**PROBLEM TO WORK ON**
Only what runs from the line with "White Shell Inlay" to the end of the data should appear in the answer, exactly as written and without pictures.

**DATASET EXTRACT**

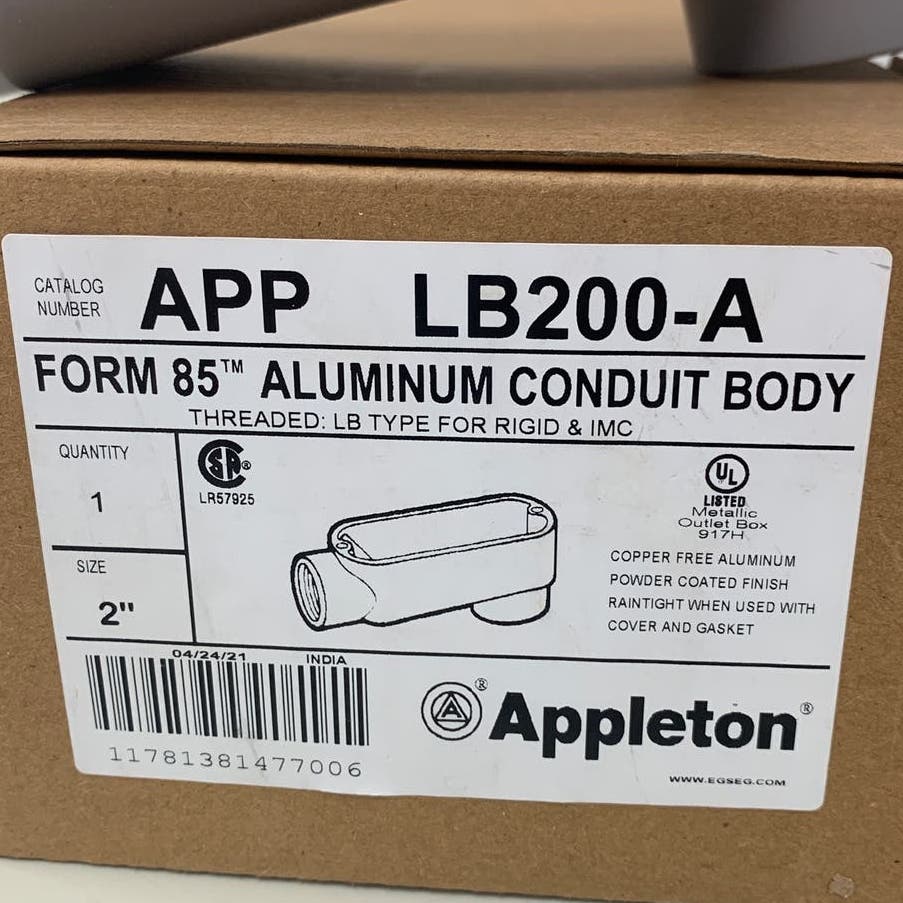 New Appleton Form 85 Aluminum Conduit Body Type LB200-A 2" Threaded For Rigid
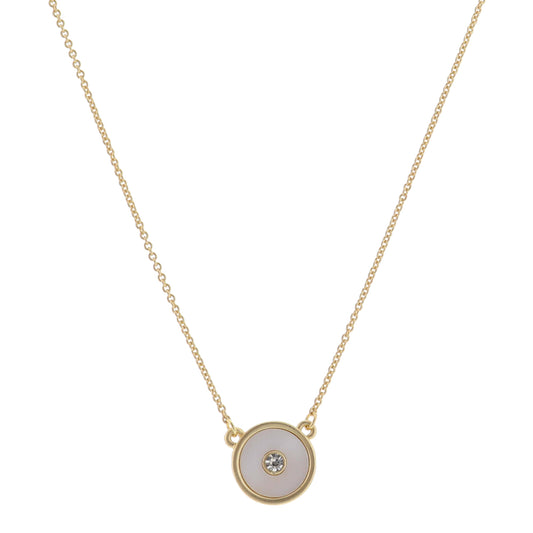 White Shell Inlay Disc with Center Clear Crystal Necklace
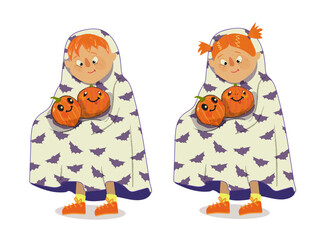 Boy and Girl dressed as ghost for halloween with cute pumpkin vector illustration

**THE ANSWER**
 White Shell Inlay Disc with Center Clear Crystal Necklace
 Boy and Girl dressed as ghost for halloween with cute pumpkin vector illustration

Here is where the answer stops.